## [Assigned task]
All entries need to be written out again exactly, without their pictures.

Top of Records for the task

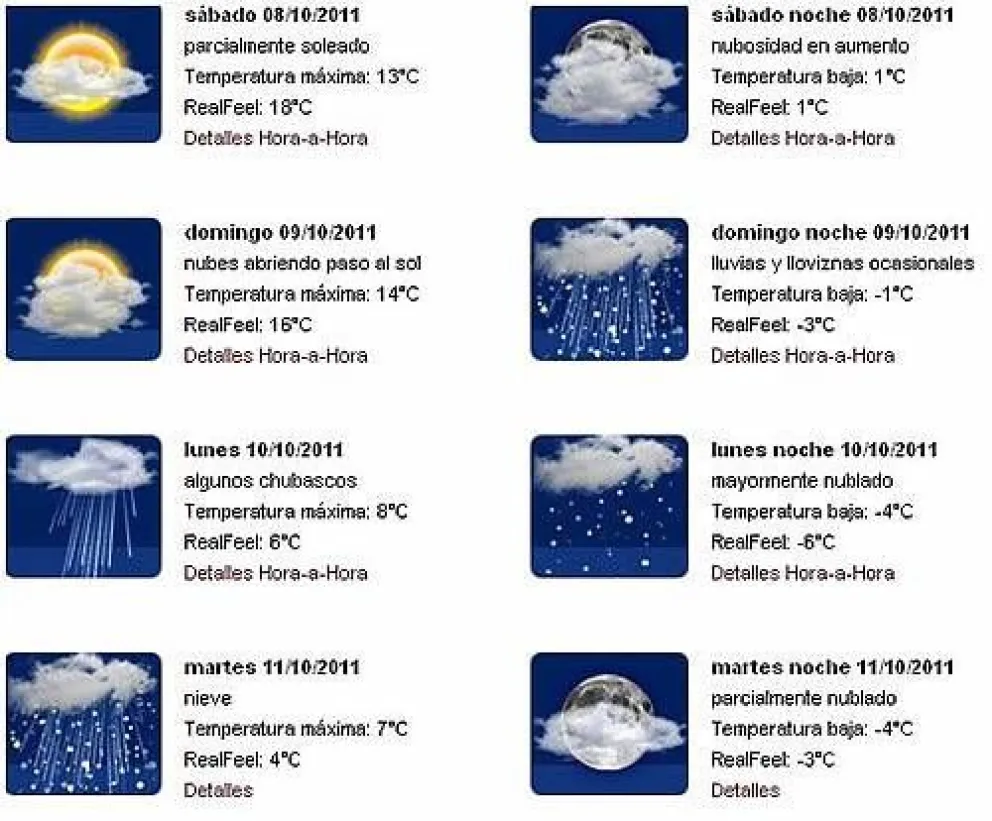 Pronóstico del clima
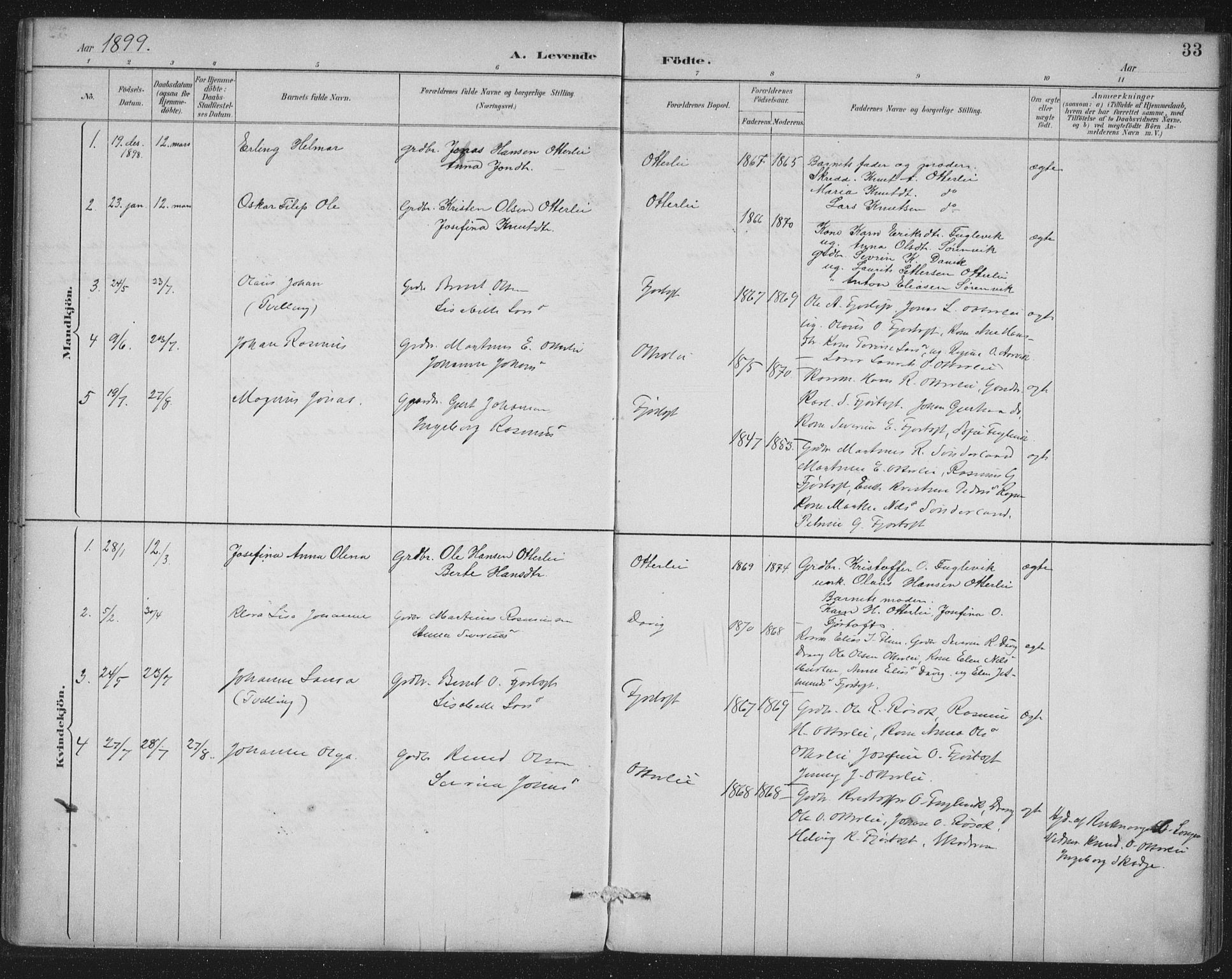 Ministerialprotokoller, klokkerbøker og fødselsregistre - Møre og Romsdal, AV/SAT-A-1454/538/L0522: Ministerialbok nr. 538A01, 1884-1913, s. 33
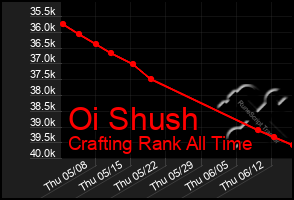 Total Graph of Oi Shush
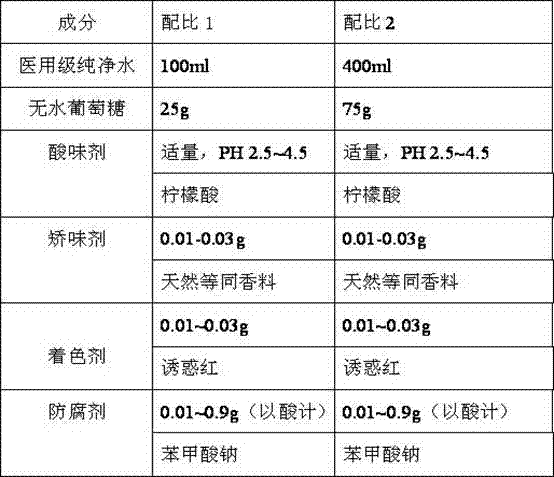 Quantitative glucose beverage for glucose tolerance detection test and production technology thereof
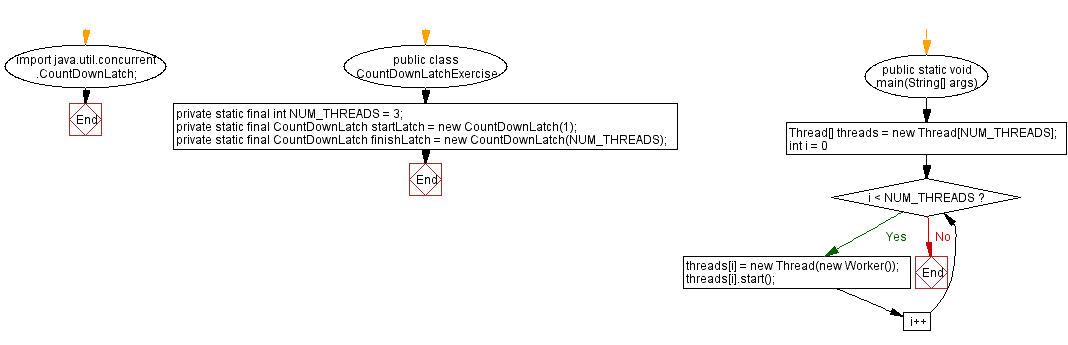 Flowchart: Java Program: Thread Synchronization with CountDownLatch.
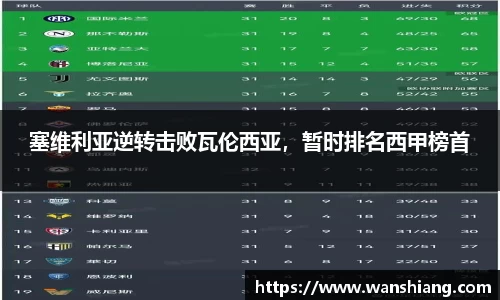 雷竞技官网网址
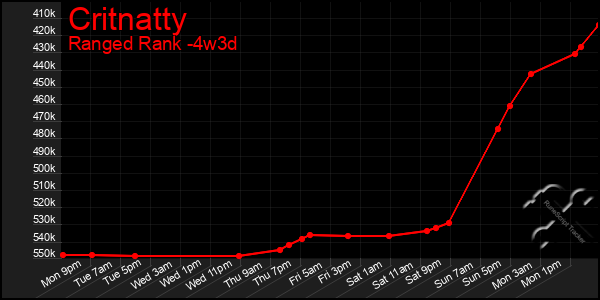 Last 31 Days Graph of Critnatty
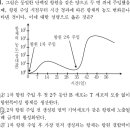 2차 면역 반응 이미지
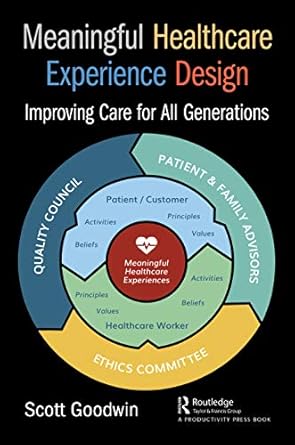 meaningful healthcare experience design 1st edition scott goodwin 1498726968, 978-1498726962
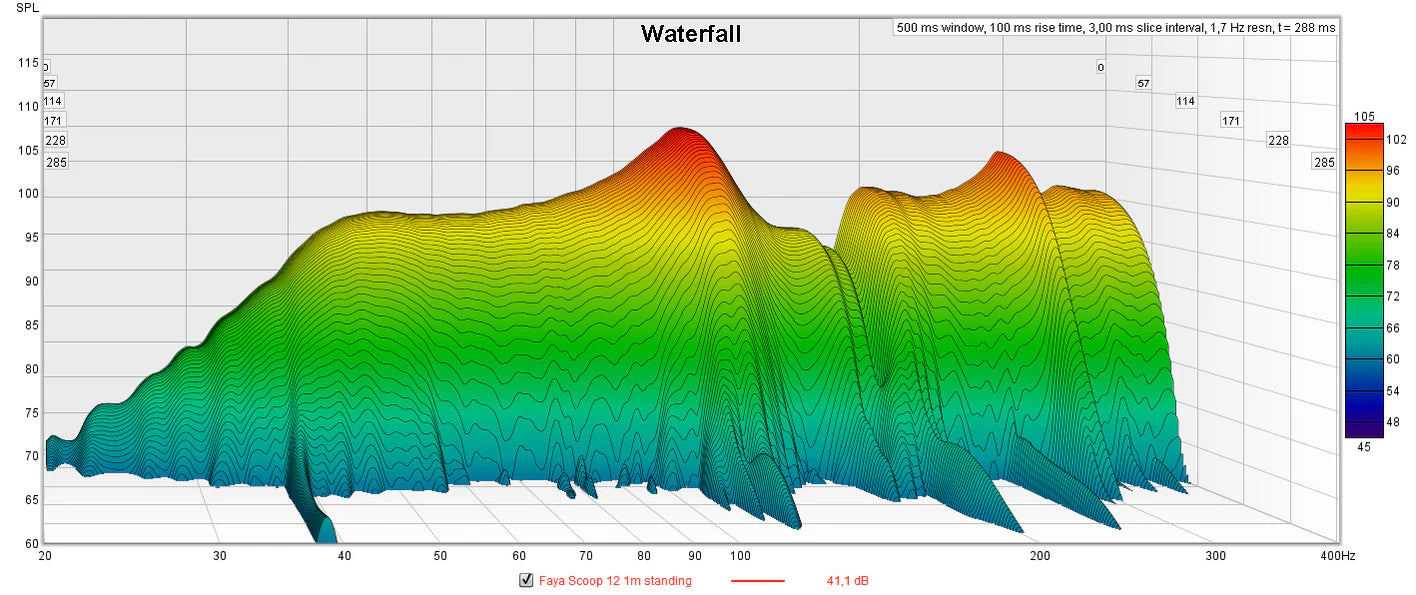 Waterfall graph illustrating the decay of sound energy over time for the Faya Subwoofer 12 inch, showing frequency response and resonance decay.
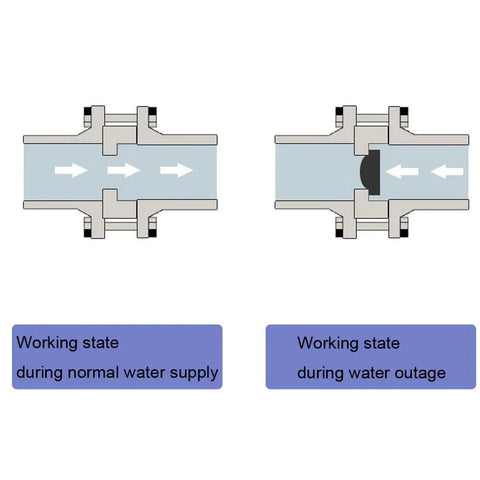 Check valve, BesNPT stainless steel 1/2-in female-to-1/2-in male, pack of 2 for backflow prevention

Bottom of Records for the task

## [Solution to the problem]
 Pronóstico del clima
 Ministerialprotokoller, klokkerbøker og fødselsregistre - Møre og Romsdal, AV/SAT-A-1454/538/L0522: Ministerialbok nr. 538A01, 1884-1913, s. 33
 Total Graph of Oi Shush
 Quantitative glucose beverage for glucose tolerance detection test and production technology thereof
 Flowchart: Java Program: Thread Synchronization with CountDownLatch.
 雷竞技官网网址
 Last 31 Days Graph of Critnatty
 2차 면역 반응 이미지
 meaningful healthcare experience design 1st edition scott goodwin 1498726968, 978-1498726962
 Waterfall graph illustrating the decay of sound energy over time for the Faya Subwoofer 12 inch, showing frequency response and resonance decay.
 Check valve, BesNPT stainless steel 1/2-in female-to-1/2-in male, pack of 2 for backflow prevention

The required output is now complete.